Fred Jamieson has only one client and is a very successful strategic account manager for a large communications company. In my early years at IBM, I also had one large client, and it made my career.
While having one client is a lot of leverage for Fred, reps from smaller companies may have one or many clients also; the learning points from dealing with one mega client and about client service and revenue growth are exactly the same for all sales reps. Infrequently though, the wisdom of the single client account rep is rarely shared to benefit of all sales reps. Here they are the key points, rule by rule.
The Product Works as Promised
Whether you have one or many clients, each client expects that your product or service, and any supplemental services you provide, all work as promised. This, very basic benefit of the bargain, is often not a reality. Truly, things can go wrong that are not your doing, but a lot of sales behaviors are formative in the variance between what is represented and the actual performance of the product/service. For example, as a rep, you may know that your product will perform weakly on the client’s desired application, but you puff your way to getting the order signed. Shoot your right foot. Puffing does not make a product work. You probably lose the client.
When you sign an order with your one client, you must ensure that it’s the best choice for them. If there is any question of some less than stellar performance, you may, as part of a large company, have the product/service modified to work as promised. Barring that, if you want to retain the client, you will cement the relationship by recommending a competitor’s product. If your management does not understand this principle, you may have a political problem that requires your attention: losing one order for the sake of many has to be made clear to your manager.

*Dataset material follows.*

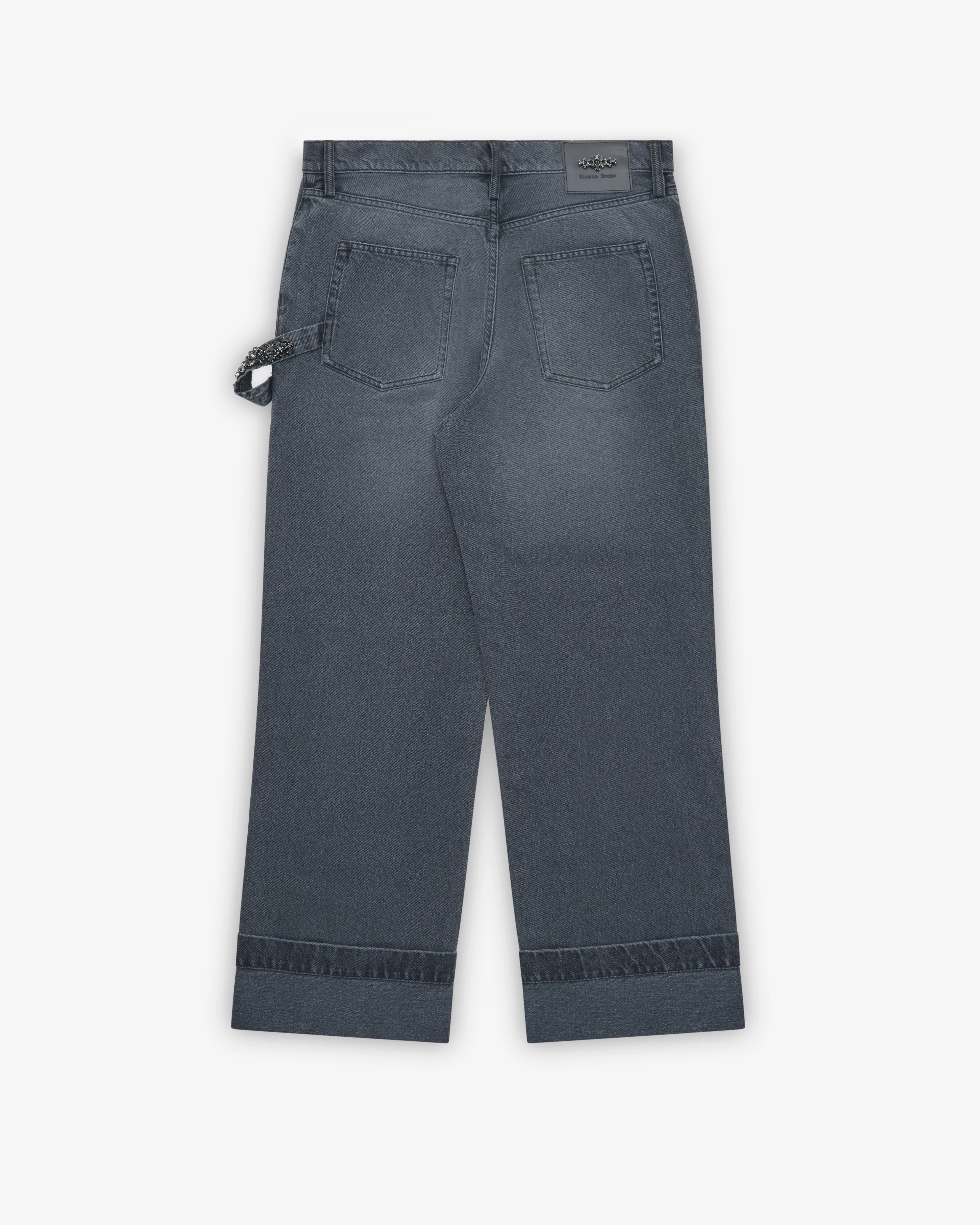 Simone Rocha - Men's Straight Leg Jeans - (Charcoal) - Image 2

Also read: 4 Ways to Build a Sales Relationship
Performance Benchmarks Deserve Frequent Evaluation
Products/Services often need servicing during the course of their use. With your one or your most important clients, the dates of the review of service and performance histories should be negotiated. While most companies promote such a review as quarterly or twice a year, a very important client may need a shorter interval between performance reviews; your products/services may be a new buy for the client, and to support her or his job stability, a monthly review of service performance may be necessary. As time goes on, that interval may stretch as you prove the quality of your product and service responses.
The important sales principle to remember is that you have to earn the right to be the biggest supplier to a strategic account. The performance review allows you to earn the right. While such reviews are labor intensive for many people on your side, it is up to you to keep your people focused on the expandability of the account, which can only be done by educating and negotiating with your own team.

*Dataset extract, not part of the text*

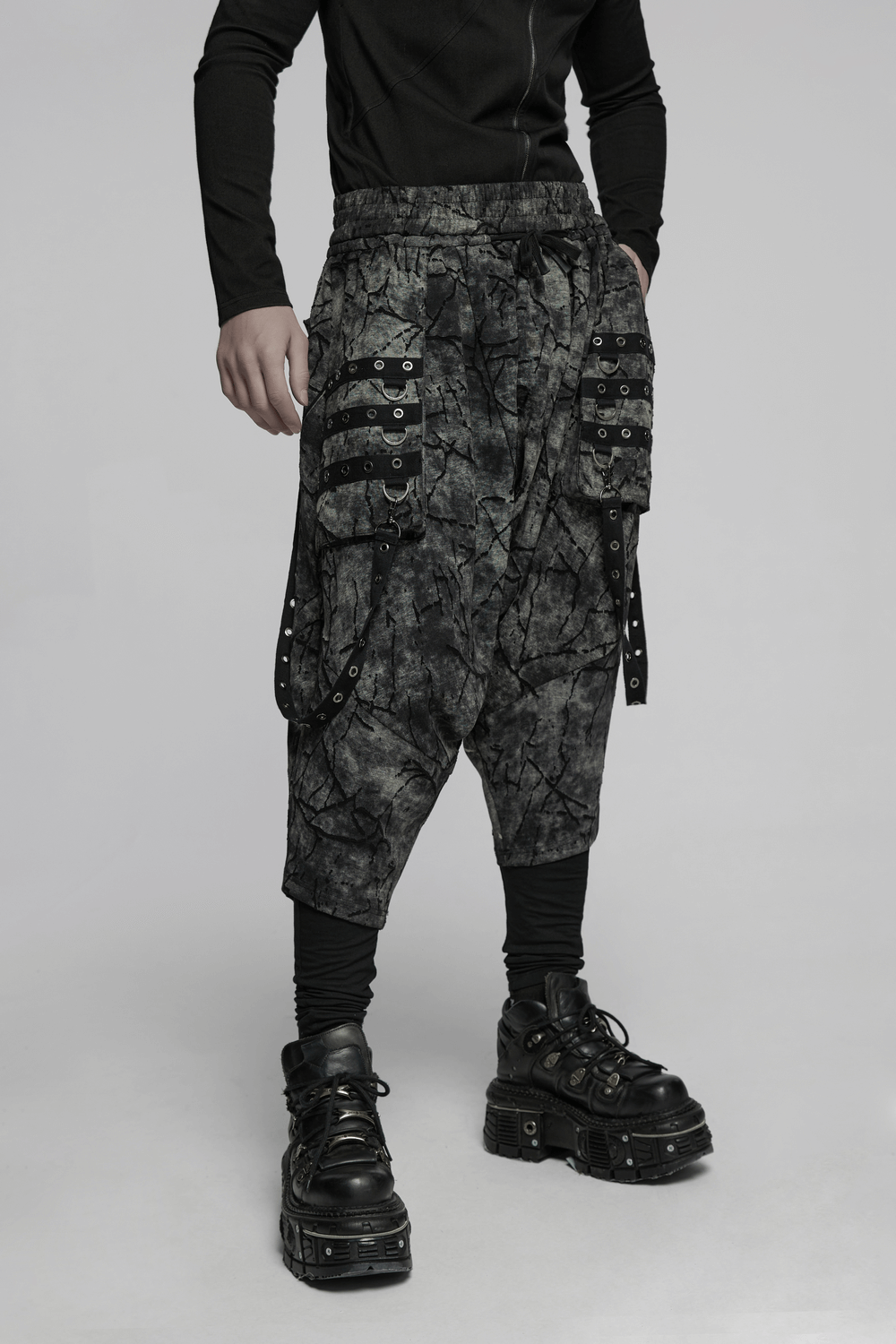 Black Tie Dye Drop Crotch Pants with Eyelet Straps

Clients Exit for Small Annoyances
In the run up to cracking a large account, you probably have had to demonstrate your products/services in many ways: on site trials, references from other strategic accounts, objective industry evaluations and more. As a result, it’s unusual for a product/service to fail in a big way after that much inspection, although I have seen just plain defective products do that. Yes, the customer may cancel, but the more usual reason for a key client to stop doing business with you is a litany of small annoyances. People remember small annoyances just like you do as a consumer: a slow response to a question, an executive not checking in when they said they would, a mistake in billing or a cranky or a disinterested seeming person who answered the phone/email/text. Most importantly, you cannot win back a key client when they exit for a list of annoyances for at least 2 years or longer. And sometimes, never.
Know the Client’s Business
This should be Rule #1 because you won’t get in the door without knowing the client’s business. In a more serious vein, however, once you are a major supplier to a key client, it is up to you to know as much as possible about their business as possible. If your client attends a particular trade association or conference, you should attend. You need to read, research and interview all key stakeholders in the account to ascertain their business goals and strategy, changes in personnel, changes in the organizational structure, some from mergers, acquisitions, spin offs, and new product planning and more. In a publicly traded client company, you should also be reading 10Ks and Qs. As a strategic account manager, it is your job to know as much about your client as humanly possible and never reveal sensitive, confidential or non-public information to anyone. In fact, many key clients require that you sign a confidentiality agreement. Consider yourself on the same team. Act like it.
Reputations are made by dealing with one mega client. With that much professional leverage, the opposite is also true. The lessons learned from large client management apply to all types of sales, no matter how many clients you have. Unfortunately, only a few people ever get to manage one large account. If you are new in sales, learn from the people that manage one client; ask to travel with them if feasible, talk with them about how they handle certain situations and problems. You will be well served.
Cross Industry Learning Points
- Strategic account reps who work with one client exhibit common behaviors. They are curious, collaborative, detailed oriented problem solvers who are not afraid to talk to all stakeholders in a purchase decision and anyone else from the CEO on down. As a result, they are reliable forecasters of future revenues and margins.
- People who manage one account are experts at managing their own company. They negotiate what they need using objective data and framing positions with financial outcomes balanced by costs to their own company.
- IF you are a manager of a strategic account rep or reps, think of your big clients as a portfolio of investments. Spend a lot of time with the client and all of the stakeholders to the buying decision, as well as the C suite executives of the company. You will learn of those petty annoyances that only you may be able to remedy, as well as reinforcing your position as a very important supplier. You never want to receive the unhappy news of a client cancellation second hand; you want to be able to offset such a result in your portfolio.